The historic center of Famagusta dates back to the Middle Ages, all surrounded by picturesque walls; after passing through the gates of the old city, you will feel like you are back in time, in the glorious past of the city. In fact, it was here that the coronation of the kings of Cyprus and Jerusalem took place.
Walk along the narrow streets to the main square of the city where there is the former cathedral of San Nicola which is flanked by the minaret.
The visit of Famagusta ends with a stop at the Patek pastry shop, a historic café where you can sip a good Turkish coffee, on the terrace on the first floor, to have an extraordinary view of the city.
The Famagusta Riviera until the 1960s was a tourist area overlooking some of the most enchanting beaches on the island.
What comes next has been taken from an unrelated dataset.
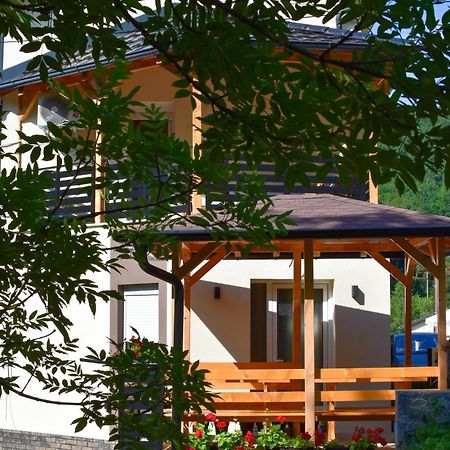 Stiv Apartmani Lukovo ภายนอก รูปภาพ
In the district of Varosha, south of the historic center, inhabited mainly by Greek Cypriots unlike the rest of the city with a Turkish Cypriot majority, modern hotels were managed and ready to welcome tourists.
In August 1974, faced with the advance of the Turkish army from the north of the island, the inhabitants of Varosha fled and the Turkish army took possession of the city.
Varosha, today, is deserted and is the saddest and most disturbing part of the city, still a vivid reminder of the dark days of 1974. 40 years since then, condos, shops and homes have remained unchanged ever since. Along the beach there are 33 hotels. They are all uninhabited, ghosts of a time when the inhabitants hastily abandoned the area, hoping to have the opportunity to return to take their belongings or perhaps to live in their homes again. This was not the case.
Even today Varosha and the rest of the dead zone are surrounded by barbed wire fences and tin drums that block the passage and prevent anyone from entering.
The time has come to leave the Turkish side and after the check point we return to "Greece"!
From Nicosia, by bus, you can easily reach the city of Larnaca, home to the international airport and the final stop on our exciting journey to the island of Cyprus!